Model Correlation Matrix

High correlation (>0.95): Two models make nearly identical predictions. One is redundant.
Moderate correlation (0.7-0.9): Models agree on easy cases, disagree on hard cases. This is good — it's where ensemble diversity helps.
Low correlation (<0.7): Models see the problem very differently. High diversity, but check that both are individually competent.

Forming the Next Hypothesis

This is the purpose of diagnosis. Every diagnostic finding should generate a question:

Finding	Question it generates
Fold 3 always worst	What's different about fold 3's data? Is it a time period, a subgroup, a distribution shift?
Train-test gap on tree models only	Are trees overfitting to interactions that don't generalize? Would regularization or max_depth reduction help?
Feature X has high importance but low univariate correlation	The model found a non-linear or conditional relationship. What interaction or transformation makes this explicit?
Two models have 0.98 correlation	They're learning the same thing.
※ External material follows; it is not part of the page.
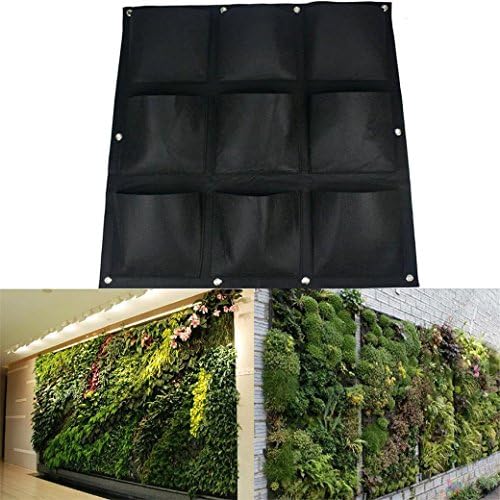 9 Pockets Vertical Garden Hanging Wall Planter, AMARS Green Field Wall-mounted Planter Pouch for Indoor, Outdoor, Herbs, Patio, Balcony, Kitchen (72 cm * 72 cm, Premium Strong &amp; Durable, Breathable)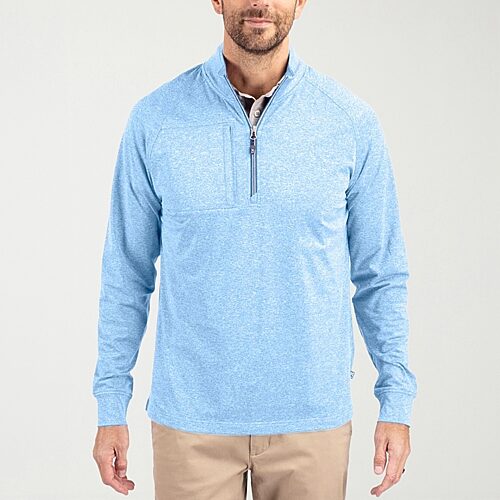 Cutter & Buck Men's Adapt Eco Knit Heather Quarter Zip Pullover - Atlas heather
Can I differentiate them with different feature sets? Or should I drop one and add a different model family?
ECE degraded while Brier improved	Discrimination improved but calibration suffered. Is the calibration method appropriate? Would a different calibrator help?
New feature has zero importance	Is it redundant with an existing feature? Or does the model need a different functional form (e.g., binned instead of continuous)?
All folds improved slightly	Genuine structural improvement, but small. Is there more headroom in this direction, or is this the ceiling?

Write down the next hypothesis before closing the diagnosis. If you finish diagnosing and don't know what to try next, you didn't dig deep enough.

Residual Analysis

When available, look at where the model's errors concentrate:

Are errors uniform or clustered? Clustered errors in a specific region of feature space mean the model is missing a pattern in that region.
Are there systematic over/under-predictions? A model that consistently over-predicts for a subgroup needs a feature that captures that subgroup's behavior.
Do errors correlate with a feature not in the model? That feature should probably be added.

The Diagnosis Template

After every experiment, write:

## Diagnosis: [Experiment ID]

### What happened
[Metric changes — aggregate and per-fold]

### Why it happened
[Mechanism — not just "the metric went down" but WHY]

### What was confirmed
[Parts of the hypothesis that were supported]

### What was surprising
[Things you didn't predict — these are the most valuable]

### Next hypothesis
[What to investigate based on these findings]

Write key diagnostic findings to the notebook so they persist across sessions:

notebook(action="write", type="finding", content="[diagnosis insight]", experiment_id="...")

Not every diagnostic detail — just the insights that should inform future work.